In this paper, we expand the definition of CE to include restoration and regeneration of ecosystem services, in essence adding two more ‘REs’, namely restoration and regeneration of ecosystem services to the list of reduce, reuse, repair, remanufacture and recycle. We therefore suggest that CE should be defined as prevention and control of pollution, full utilization of resources and realization of the harmony between human and nature during the overall material flow process including restoration and regeneration of ecosystem services, which aims to achieve an ecologically and economically sustainable development. Figure 1 shows the CE expanded to include restoration and regeneration of ecosystem services.
According to the United States President’s Council on Sustainable Development (PCSD) [35], an eco-industrial park (EIP) is “a community of businesses that cooperate with each other and with the local community to efficiently share resources (information, materials, water, energy, infrastructure and natural habitat), leading to economic and environmental quality gains, and equitable enhancement of human resources for the business and local community”. Positioning EIPs as the meso-level for implementing the CE strategy [36], China actively promoted the development of EIPs and was the first country to adopt standards for these parks. In this paper, we have selected EIPs as ideal microcosms of a CE.
Prior to presenting and discussing our framework, the next section will provide an overview of the state of some ecosystem services in China.

3. Incorporating Ecosystem Services into China’s CE Practice

3.1. The Current State of Ecosystem Services in China

China’s ecosystems are suffering degradation, erosion and contamination, resulting in major losses of valuable services. The ecological deterioration continues and the functions of many ecosystem services are weakening [37]. For example, soil erosion now affects 2,949,000 km2, representing 31.1% of the surveyed land area of China [38]. Approximately 16% of soil and 20% of farmland in China exceeds the Quality Criteria for Soil Environment issued in 1996 [37]. Water resources have also been seriously polluted. The percentages of water resources, such as reservoirs, lakes, and groundwater, which exceed standards, are respectively 11%, 70% and 60% [39]. Rivers and lakes that are seriously polluted now exceed 40% of the total [40]. Perhaps the most noteworthy is the extremely serious air pollution problems [17]. In 2015, 265 of the 338 prefecture-level cites of the country exceeded air quality standards [38]. From Spring Festival Eve to the Spring Festival of 2017, the air in 124 of the 338 prefecture-level cites was considered heavily air polluted [41]. In addition, because of the excessive use of chemicals, the natural pollinators in China have been largely obliterated [31]. This loss of ecosystem services is becoming a major bottleneck which will seriously restrict China’s sustainable development of society and economy [42], if it has not done so already. This was recognized at the highest level when President Xi Jinping of China noted that the environmental carrying capacity in China has been reached or exceeded [43].
The contradiction between the demand for a sustainable ecological environment by Chinese people and the continuous ecological deterioration is increasingly evident [37].

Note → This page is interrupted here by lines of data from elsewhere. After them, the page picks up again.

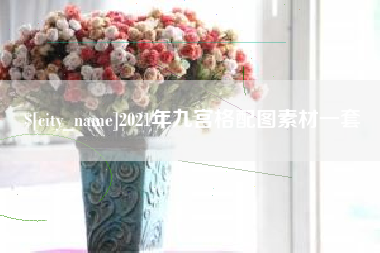 济宁2021年九宫格配图素材一套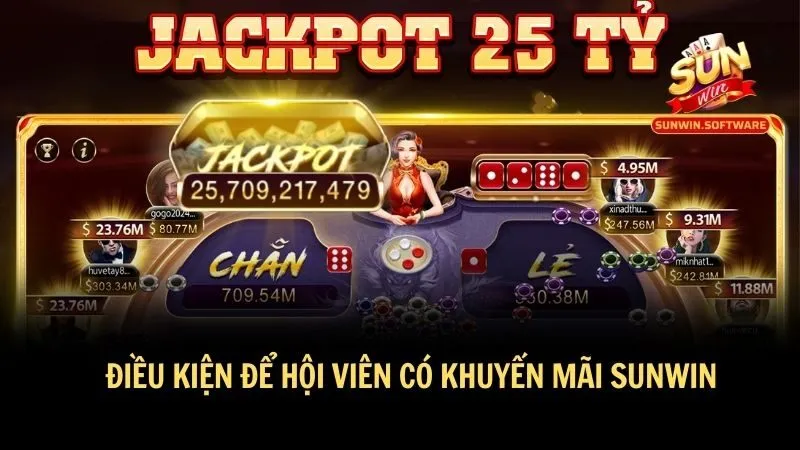 khuyen mai sunwin 3 Một số điều kiện thu thập khuyến mãi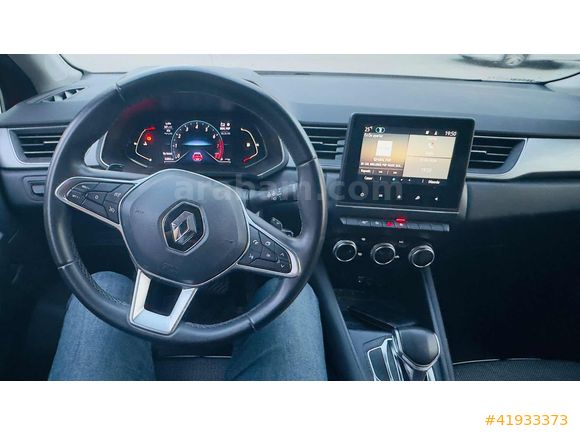 Renault Captur CamTavan Hatasız Boyasız -Rüyam Garaj-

3.2. CE Policy and Practice in China

CE is a relatively new development paradigm for China [18,44,45,46], potentially allowing China to “leapfrog” into a more sustainable economic development model [46]. Positioned as a sustainability strategy [18], CE is being promoted by governments at all levels in China.
Some initiatives of China’s CE practice have been investigated by researchers [18,19,44,46,47]. These initiatives encompass the implementation of CE at the individual firm level, industrial park level and city, province or state level. These initiatives have been supported by demonstration projects, formulation and promulgation of laws, and establishment of relevant organizations.
The Circular Economy Promotion Law of China was issued by the Chinese government and went into effect in January 2009. The government also launched a large number of demonstration projects nationwide. Interestingly some symbiosis projects had already been in place and successfully demonstrating CE concepts, such as the Guitang Group [48] and the Hai Hua Group [49].
In January 2013, the State Council [50] issued “the Development Strategy and Recent Action Plan for the Circular Economy”. This is the first national CE development strategy and plan. Issuing this plan suggests that the Chinese government is keen to promote the expansion of CE development to more sectors and a larger geographic area.
The government also strongly supports the establishment of organizations related to CE. In 2013, the China Association of Circular Economy (CACE) (See http://www.chinacace.org/) was established [51]. As a non-profit organization, it is positioned as a platform for implementing CE across country. Its purpose is to provide services for companies, government and industries in the development of CE.

3.3. EIPs in China

As recognized by the United Nations Environment Programme (UNEP), industrial parks are a growing feature in the global landscape [52]. They have played an increasingly important role in China’s economic development. Of the estimated 3,000 industrial parks in China [53], about 300 are considered to be national industrial parks as of 2013 [54]. In 1997, China began paying more attention to environmental management of industrial parks and adopted the EIP concept from an UNEP report [52] and began to support EIP demonstration projects in 2000 [55]. According to the Ministry of Environmental Protection (MEP) [56], which is responsible for EIP demonstration projects, of the 300 national industrial parks, 93 have been designated as national eco-industrial demonstration parks in China. The EIP is viewed as the meso-level (the industrial park level) for implementing CE strategy in China [36]. In the list of national eco-industrial demonstration parks established by MEP, there are 17 industrial parks which are also designated by the National Development and Reform Commission (NDRC) to be the national CE pilot units.
As an enabler, the Chinese government plays an important role in promoting the EIP development at a national level [54]. EIPs have been regarded as a platform of innovation in environmental management [57]. For example, many EIPs were also selected as pilot units of low carbon and circular transformation. This will facilitate the transition from end of pipe to a system-oriented approach [54].
However, the development of EIPs in China is still in the early stages because many parks still face challenges in design and planning, technologies, management, and regulations [58].
While some of the pillars are in place, to enable China to move forward in incorporating ecosystem services into the development and operation of EIPs, a framework is required. This framework must be integrated within itself and with other relevant policies of the government.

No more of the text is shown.